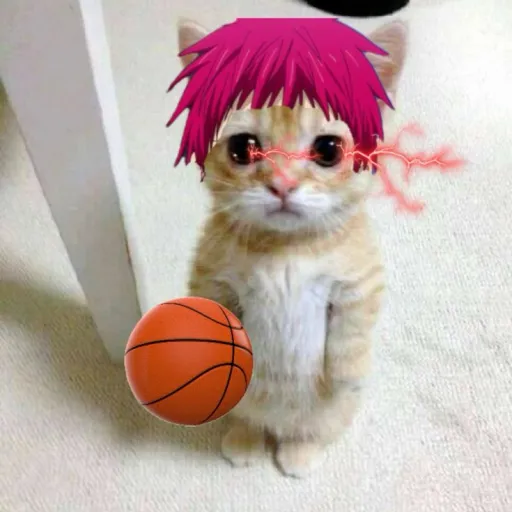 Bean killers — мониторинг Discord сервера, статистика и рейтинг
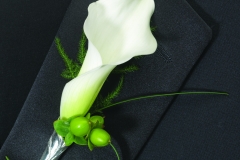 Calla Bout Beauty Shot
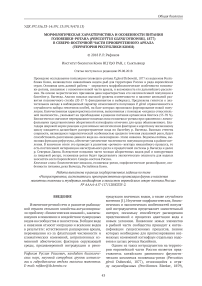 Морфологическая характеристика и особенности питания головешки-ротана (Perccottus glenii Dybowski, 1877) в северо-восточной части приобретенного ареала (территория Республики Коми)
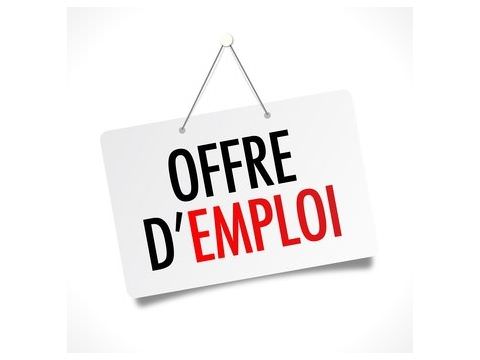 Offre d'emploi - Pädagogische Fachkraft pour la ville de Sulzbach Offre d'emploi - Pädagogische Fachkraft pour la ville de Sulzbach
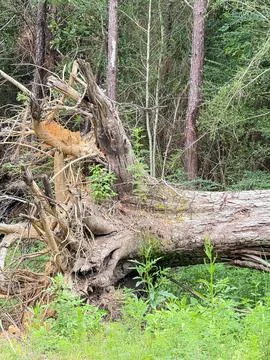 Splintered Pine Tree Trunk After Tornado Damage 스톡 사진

* * *

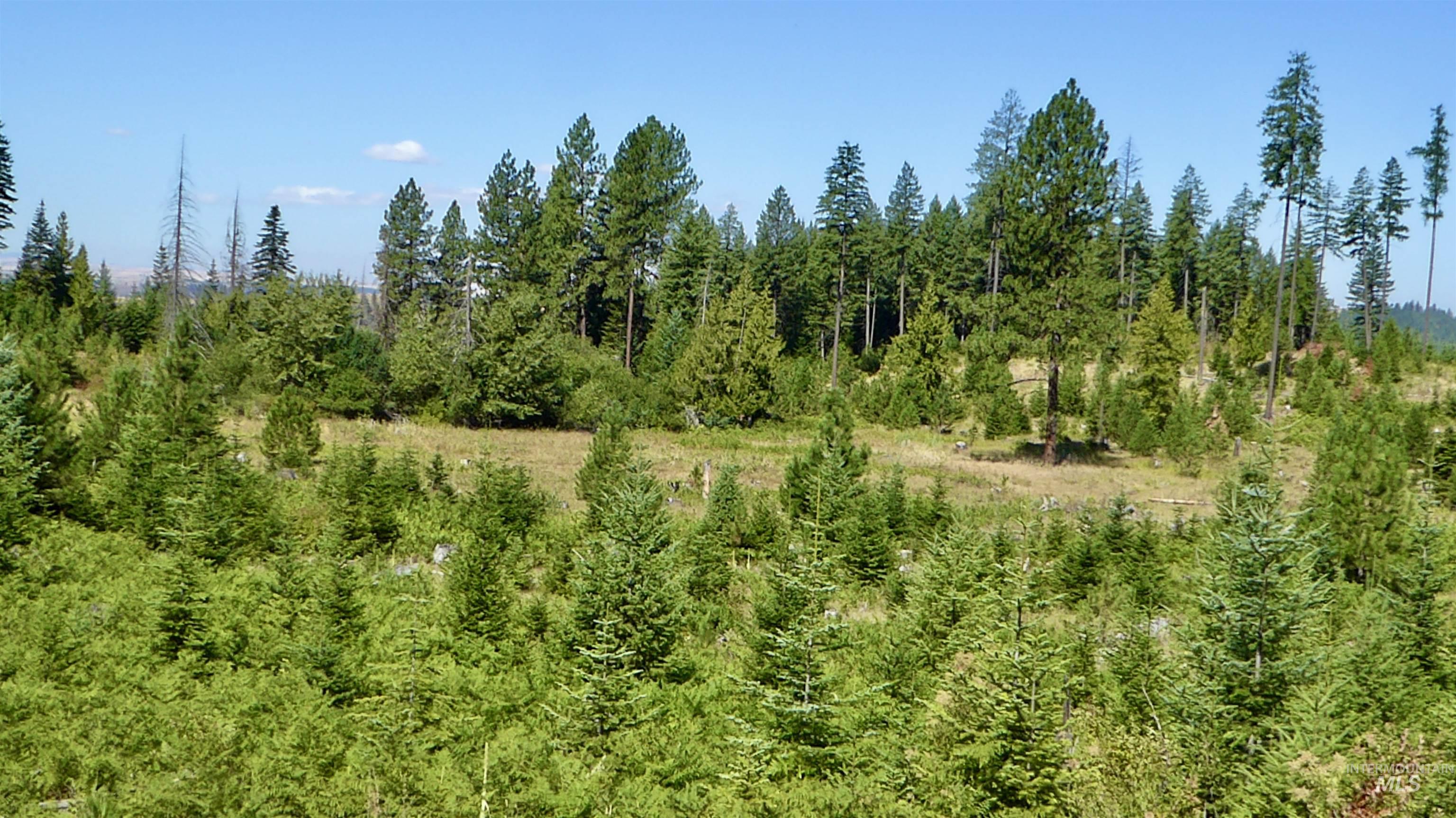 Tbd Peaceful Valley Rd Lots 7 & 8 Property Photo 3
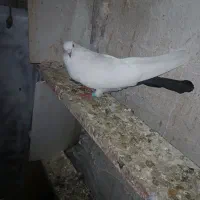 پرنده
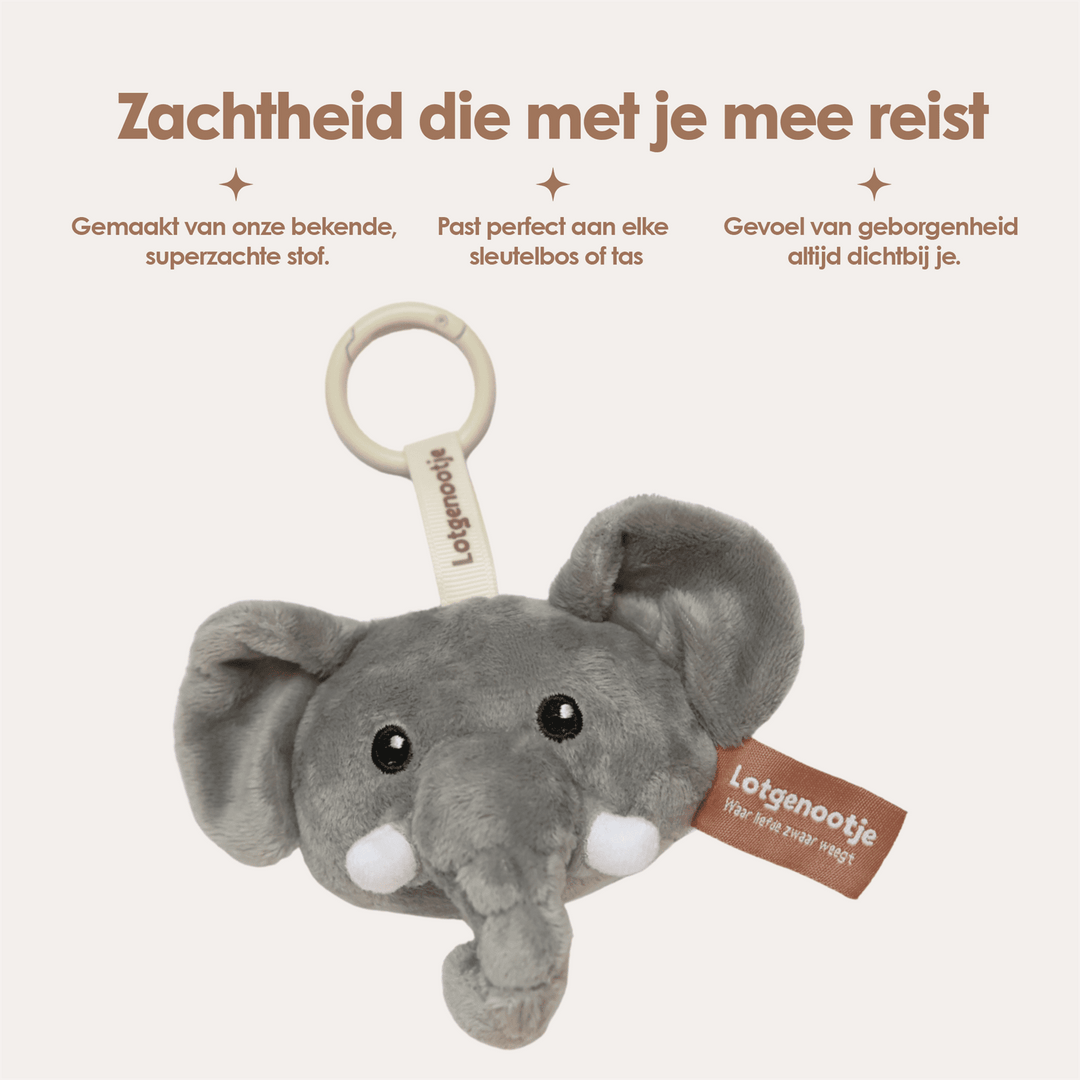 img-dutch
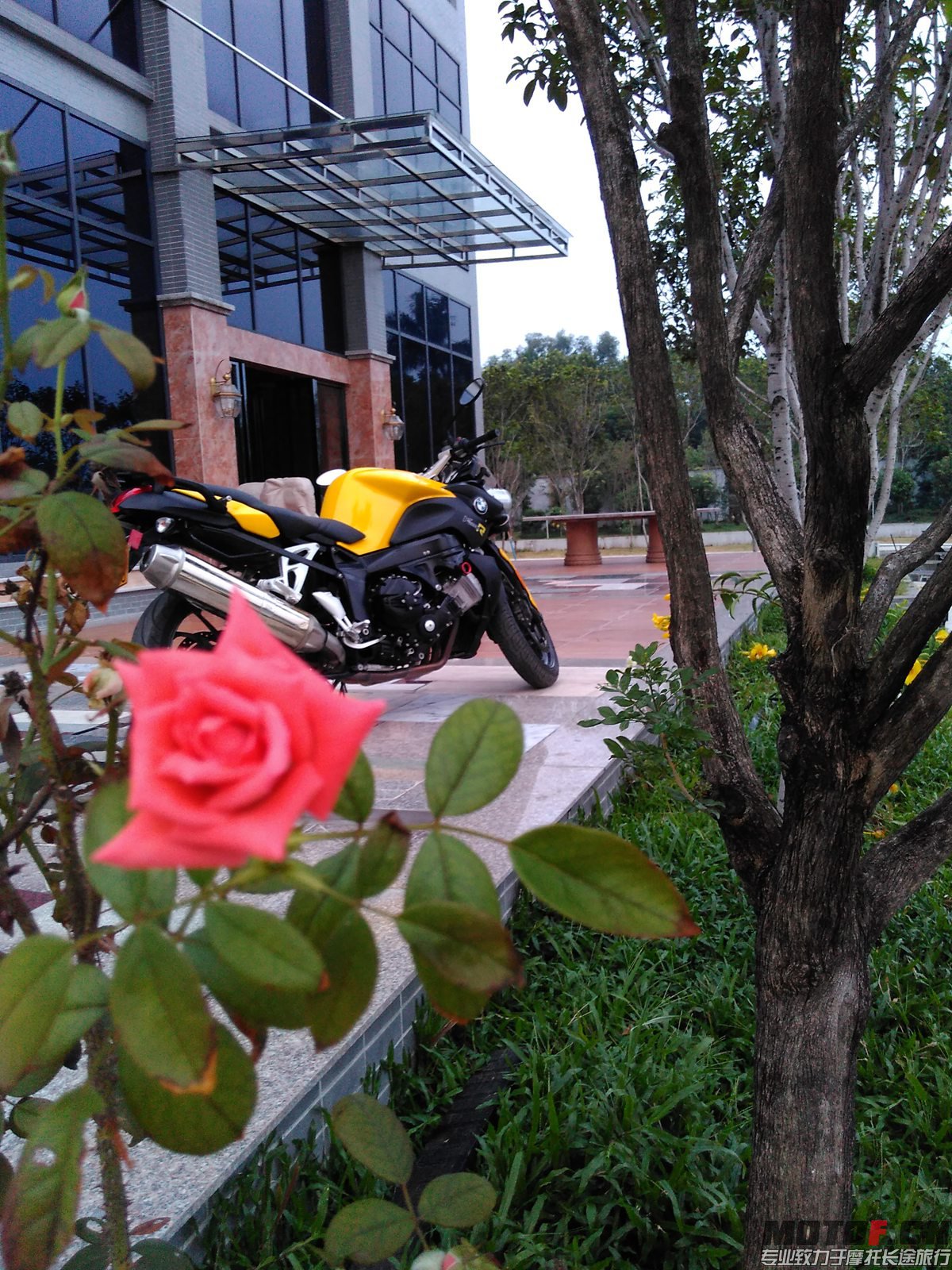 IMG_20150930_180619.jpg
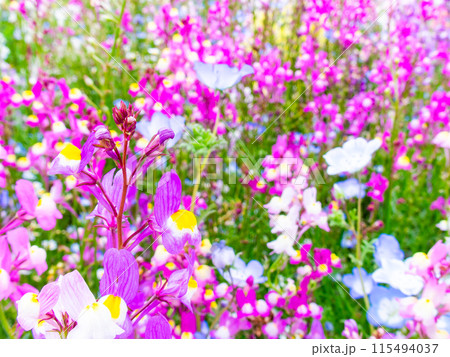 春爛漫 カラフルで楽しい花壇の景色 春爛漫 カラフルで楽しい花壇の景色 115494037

» **YOUR ASSIGNMENT**
Using the listing above, reproduce word for word every line from the one containing "Bean killers —" through the one containing "Splintered Pine Tree". Pictures must be left out.

» **RESPONSE TO THE TASK**
 Bean killers — мониторинг Discord сервера, статистика и рейтинг
 Calla Bout Beauty Shot
 Морфологическая характеристика и особенности питания головешки-ротана (Perccottus glenii Dybowski, 1877) в северо-восточной части приобретенного ареала (территория Республики Коми)
 Offre d'emploi - Pädagogische Fachkraft pour la ville de Sulzbach Offre d'emploi - Pädagogische Fachkraft pour la ville de Sulzbach
 Splintered Pine Tree Trunk After Tornado Damage 스톡 사진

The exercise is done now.